It refers to a type of mutual fund that is targeted mainly at conservative investors who are highly risk averse. These were started in Australia and then became popular in the entire world. The portfolio managers of these type of mutual funds invest in a mixture of money market securities and fixed income securities.

As expected, as the risk is very less, the returns that these funds give are very low. The investors investing in these type of funds are not really looking for high rate of return, rather they are looking for safe places to invest the money they have and earn little return. The diversification of these funds in the avenues where they invest make them virtually risk free. This is because these funds in invest in variety of areas where the funds are risk free.

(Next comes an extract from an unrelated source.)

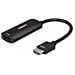 38329 Cavo E Adattatore Video 0,157 M Hdmi Tipo A (standard) Displayport Nero - Foto miniatura 3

The fees is generally very low and the funds are well diversified and pose very little risk. Along with all the highly risk averse investors, various investors generally invest in cash plus funds to make a considerable portion of their portfolio risk free (or of very low risk). It is a good practice in portfolio management to have a certain proportion of the portfolio to be invested in the cash plus funds. The reason for that is they pose very low risk and give reasonable returns. Even the risk seeking investors are looking forward to allocate certain proportion of their hard earned money to cash plus funds. This is because in cases of emergencies like recession, these type of funds play a major role in risk aversion and keeping safe one’s hard earned money.

Example: Birla Sun Life Cash Plus is a type of Cash plus fund. This fund invests in diverse and safe areas such as Treasury Bills, Commercial Paper, Certificate of deposit etc.